Il barista comunicò che l’ennesima spremuta di arancia era pronta. Per l’esattezza era la terza che bevevo… D’altra parte io amo quel sapore acidulo e poi fanno bene alla salute! Il succo di questi frutti, originari della Cina e valorizzati dagli arabi, sono ricchi di vitamina C e di antociani, sostanze speciali che li colorano di arancione e che sono preziosi antiossidanti per le nostre cellule.

Ma c’era un’altra ragione se ne stavo bevendo così tante.

Il bar dell’Angustina si approvvigionava di arance provenienti da un aranceto speciale, che cresce a ottocentoventitré metri sul livello del mare ed è incastonato sulle ripide pendici del vulcano più alto d’Europa.

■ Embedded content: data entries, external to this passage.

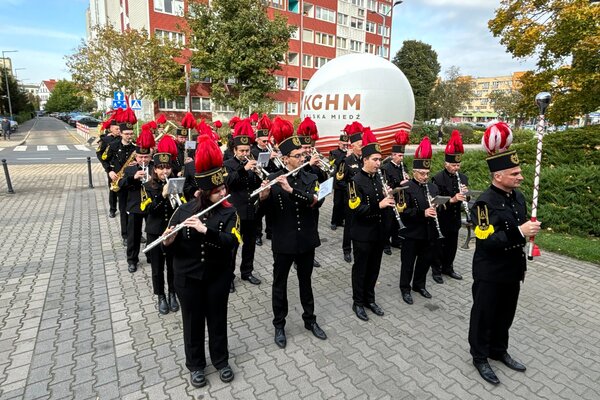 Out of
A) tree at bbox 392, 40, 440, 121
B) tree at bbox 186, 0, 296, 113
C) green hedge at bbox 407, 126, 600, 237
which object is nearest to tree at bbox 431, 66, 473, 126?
tree at bbox 392, 40, 440, 121

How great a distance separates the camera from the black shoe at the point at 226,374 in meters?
4.22

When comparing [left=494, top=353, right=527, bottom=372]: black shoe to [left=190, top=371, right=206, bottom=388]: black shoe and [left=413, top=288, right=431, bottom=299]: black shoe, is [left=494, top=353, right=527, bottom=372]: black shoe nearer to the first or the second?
[left=413, top=288, right=431, bottom=299]: black shoe

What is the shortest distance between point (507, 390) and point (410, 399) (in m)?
1.15

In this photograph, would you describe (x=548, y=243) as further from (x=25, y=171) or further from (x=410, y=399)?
(x=25, y=171)

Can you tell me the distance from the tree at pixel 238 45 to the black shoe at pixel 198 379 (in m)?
33.3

Il clima respirato dalle foglie degli alberi è sia marino sia montano e gli sbalzi repentini di temperatura tra giorno e notte uniti al vento che contiene i profumi della montagna ma anche quelli del mare rendono la polpa dei frutti assolutamente speciale! Insomma, una spremuta di una bontà unica prodotta in un territorio unico.

Ecco perché, quel giorno, ne bevvi tre bicchieri colmi. Ma anche perché ero seduto al tavolino del bar da diverse ore, mentre il mio amico si trovava nella camera sotterranea della grotta. E mentre mia nonna mi mitragliava di parole, il mio cervello era invaso da uno sciame di domande: «Cosa avrà visto Tommaso? Che storie avrà sentito? Come starà?».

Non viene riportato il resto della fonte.